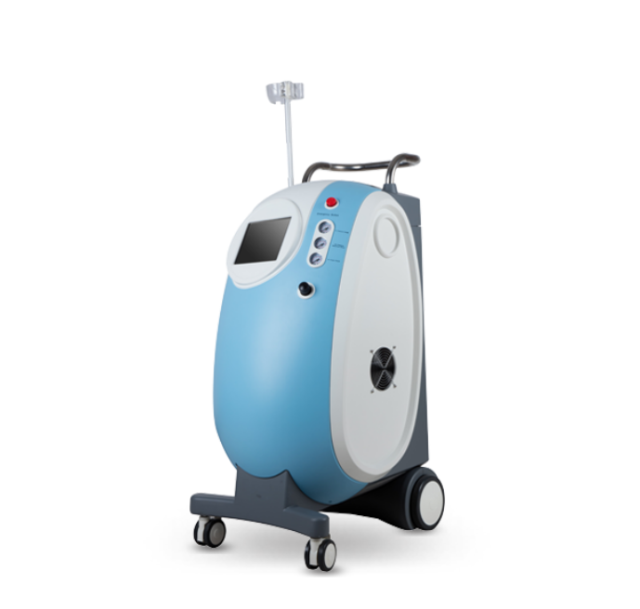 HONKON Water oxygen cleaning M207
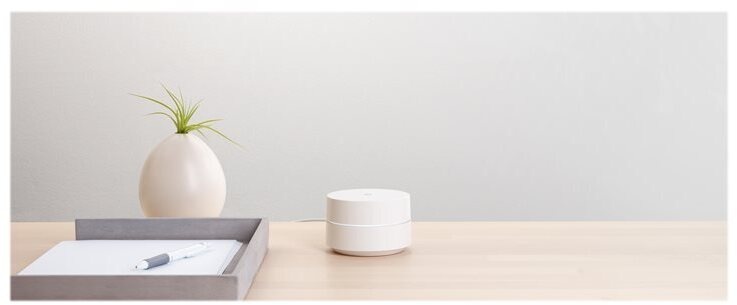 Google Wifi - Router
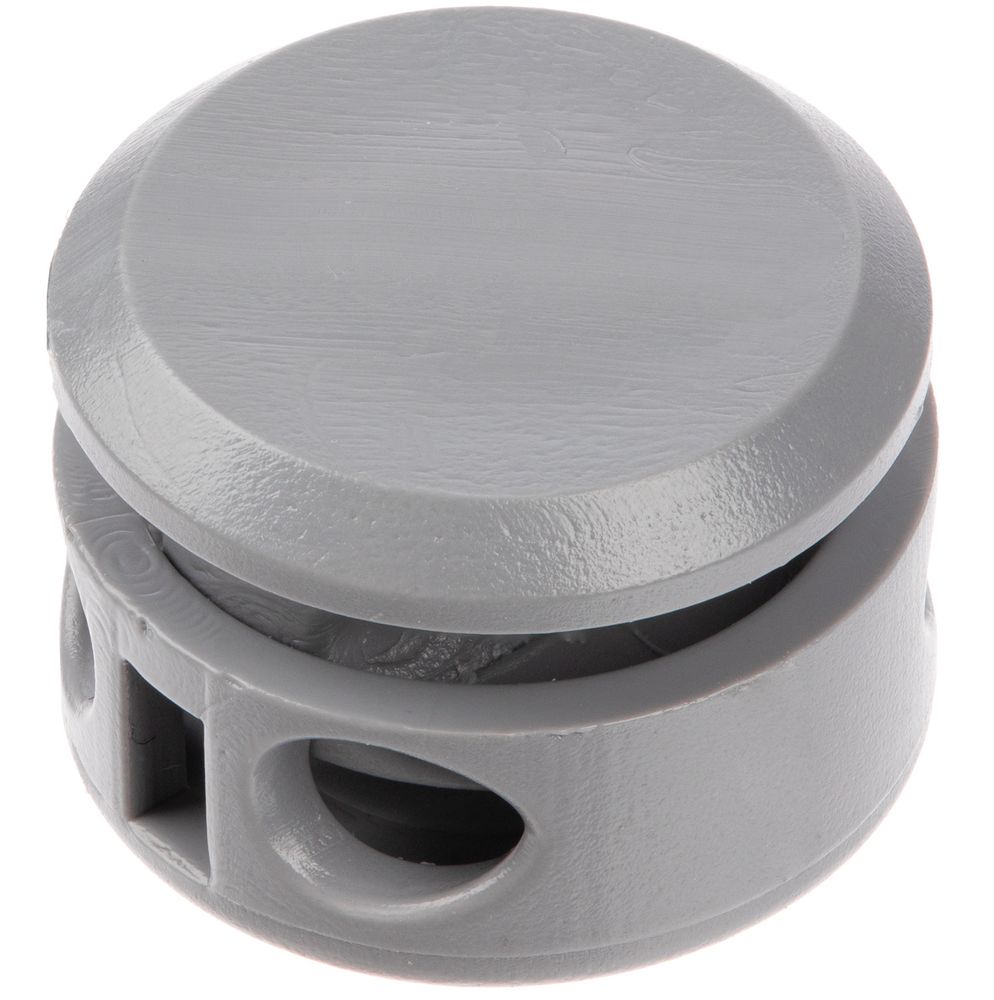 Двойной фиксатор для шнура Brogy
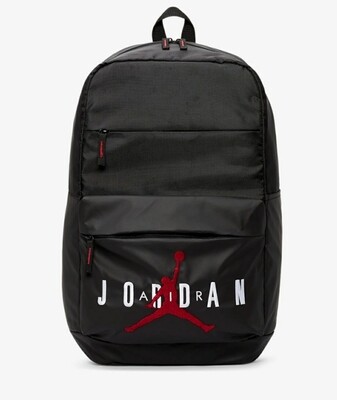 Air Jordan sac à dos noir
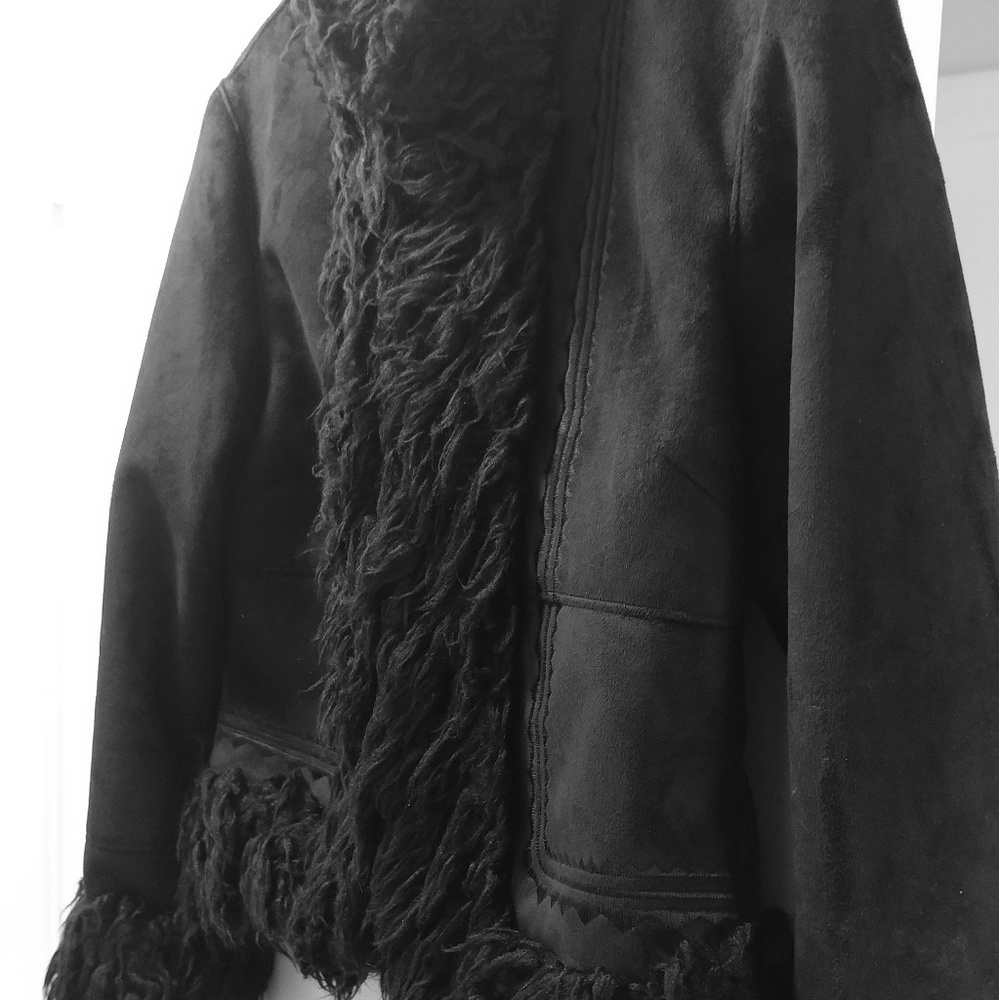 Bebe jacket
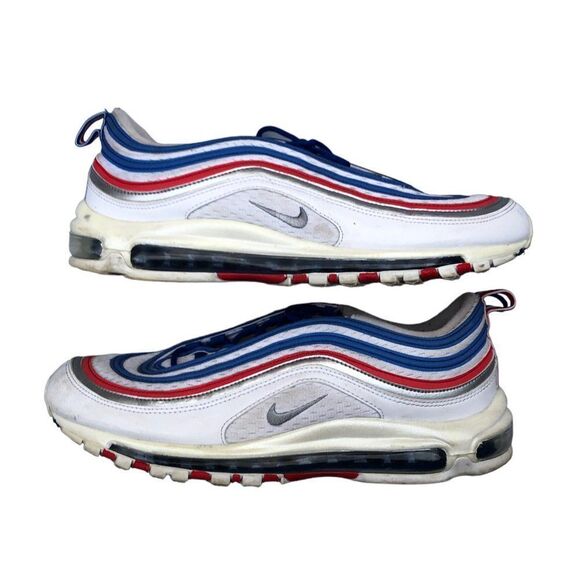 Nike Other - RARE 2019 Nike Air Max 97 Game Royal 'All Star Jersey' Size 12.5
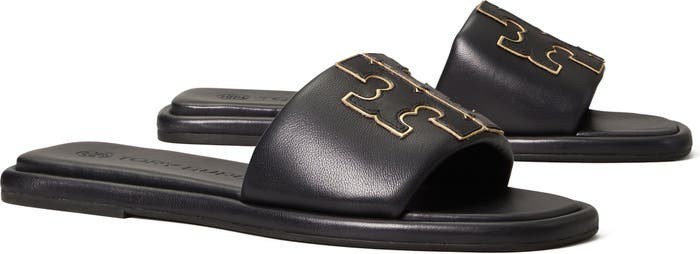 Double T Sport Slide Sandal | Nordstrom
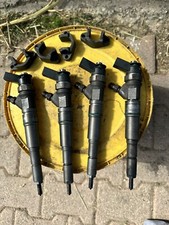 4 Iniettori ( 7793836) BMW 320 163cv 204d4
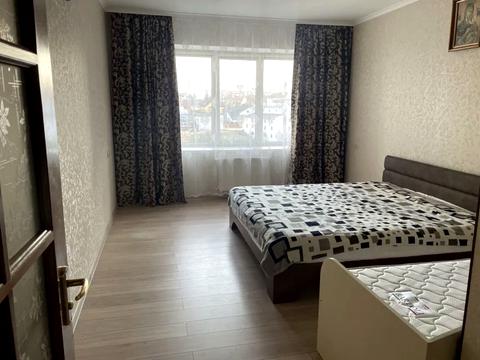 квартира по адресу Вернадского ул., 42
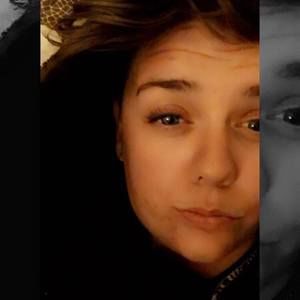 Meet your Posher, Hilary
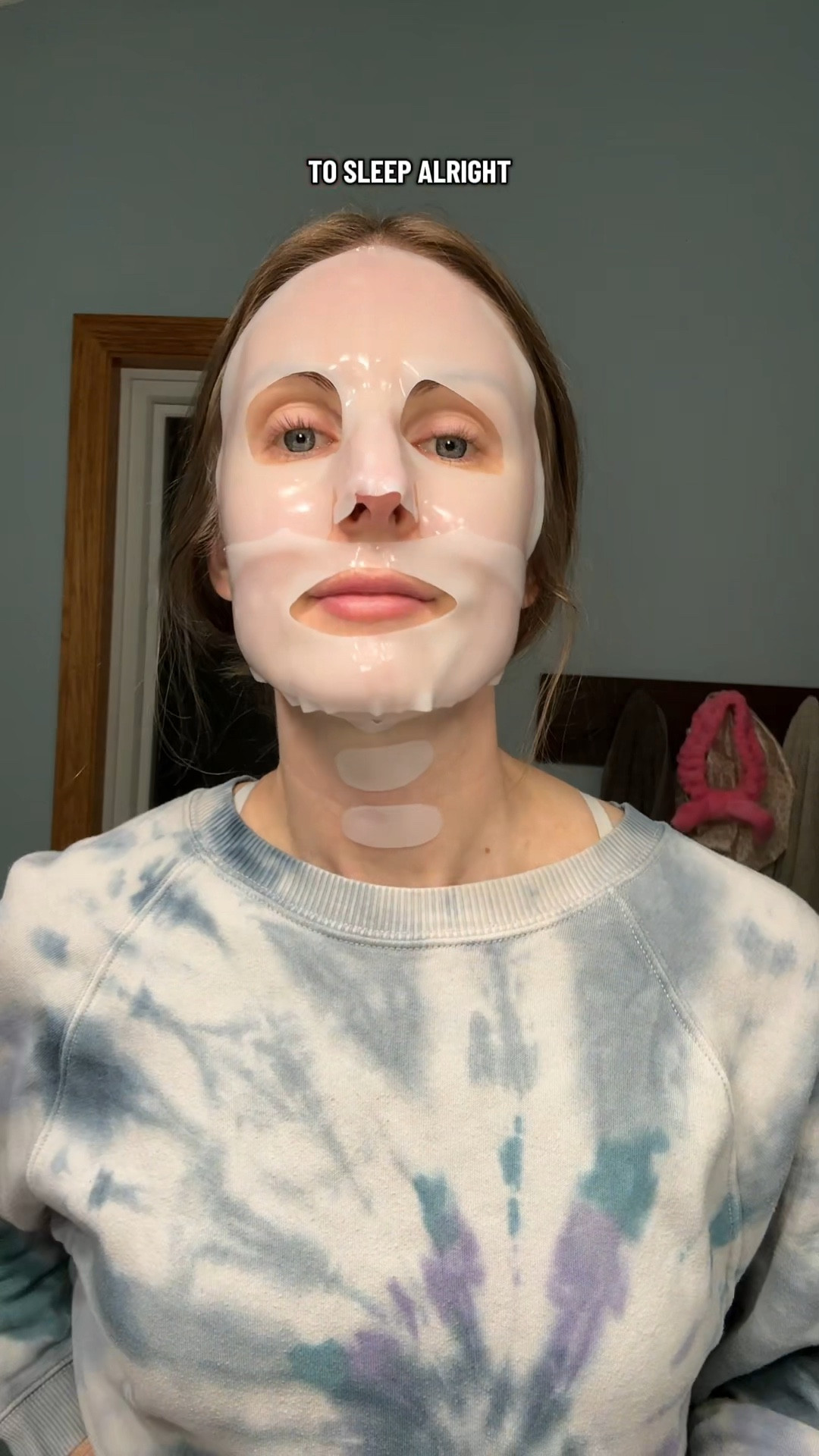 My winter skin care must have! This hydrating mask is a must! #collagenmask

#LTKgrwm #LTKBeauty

▶ _EXERCISE DIRECTIONS_
Everything from the line containing "4 Iniettori ( 7793836) BMW 320 163cv 204d4" through the last line of the records above is to be reproduced exactly, except the pictures.

▶ _RESPONSE_
 4 Iniettori ( 7793836) BMW 320 163cv 204d4
 квартира по адресу Вернадского ул., 42
 Meet your Posher, Hilary
 My winter skin care must have! This hydrating mask is a must! #collagenmask

#LTKgrwm #LTKBeauty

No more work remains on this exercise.